The paper states that the initial baseline is a Deeplab pre-trained on ImageNet dataset. Are these weights the ImageNet pre trained or are you using a GTA5 pretrained network to initialize the model?

Thanks.

wasidennis commented 3 years ago

@Nadavc220 sorry for the confusion. In this repo, the pre-trained weight for the VGG backbone is on ImageNet, while the one for the ResNet is on ImageNet + COCO (obtained from DeepLab). In practice, we found that using ImageNet pre-trained weight converges slower but will eventually achieve a similar result as ImageNet + COCO. Similarly, if using a GTA5 pre-trained weight, it should also achieve a similar result with faster convergency.

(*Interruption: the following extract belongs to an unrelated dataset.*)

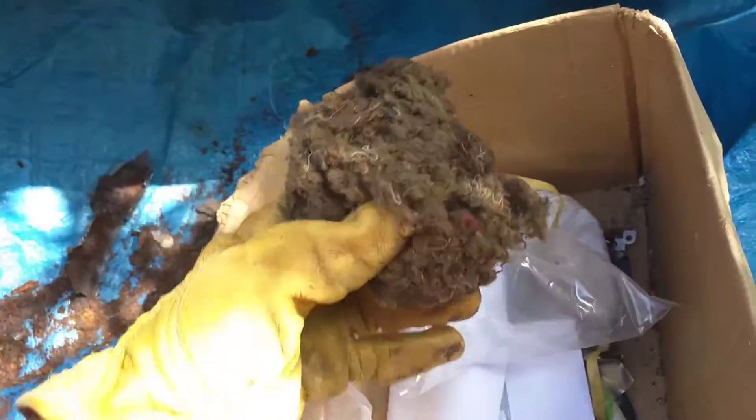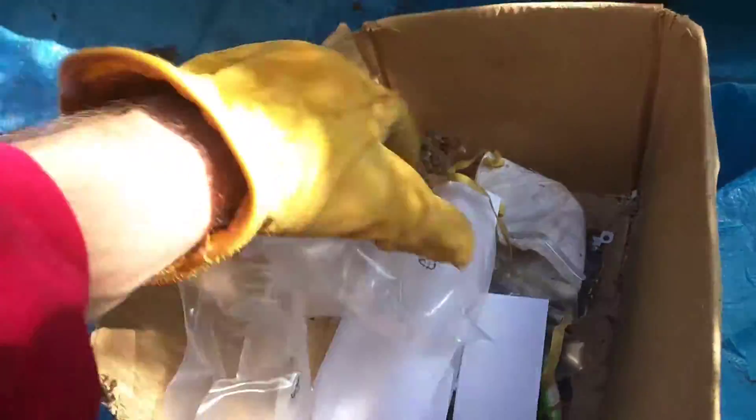But one thing that was kind of odd — I found all this, where that rust was, I found, like, this shit was stuck in there. I don't know what was up with that.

Nadavc220 commented 3 years ago

Thanks for the quick response. In general, don't you thing there is a difference initializing the net with ImageNet + COCO than initializing with a GTA5 trained net other than convergence speed? Did you test this theory or is it just an idea?

Thanks

wasidennis commented 3 years ago

@Nadavc220 This is a good point! Internally, the learning behavior would be quite different as we need to consider their domain gaps. For example, initializing from GTA5 could provide a more stable training procedure, as GTA5 is already a driving-scene dataset. However, since GTA5 also has a large domain gap to Cityscapes, pre-training on GTA5 for too many iterations would not be also a good practice (fitting too much in the GTA5 data distribution). This is something we already empirically tried, but of course it is still an open research problem to explore. To make it simpler, we just use the ImageNet (+COCO) as the pre-trained weight.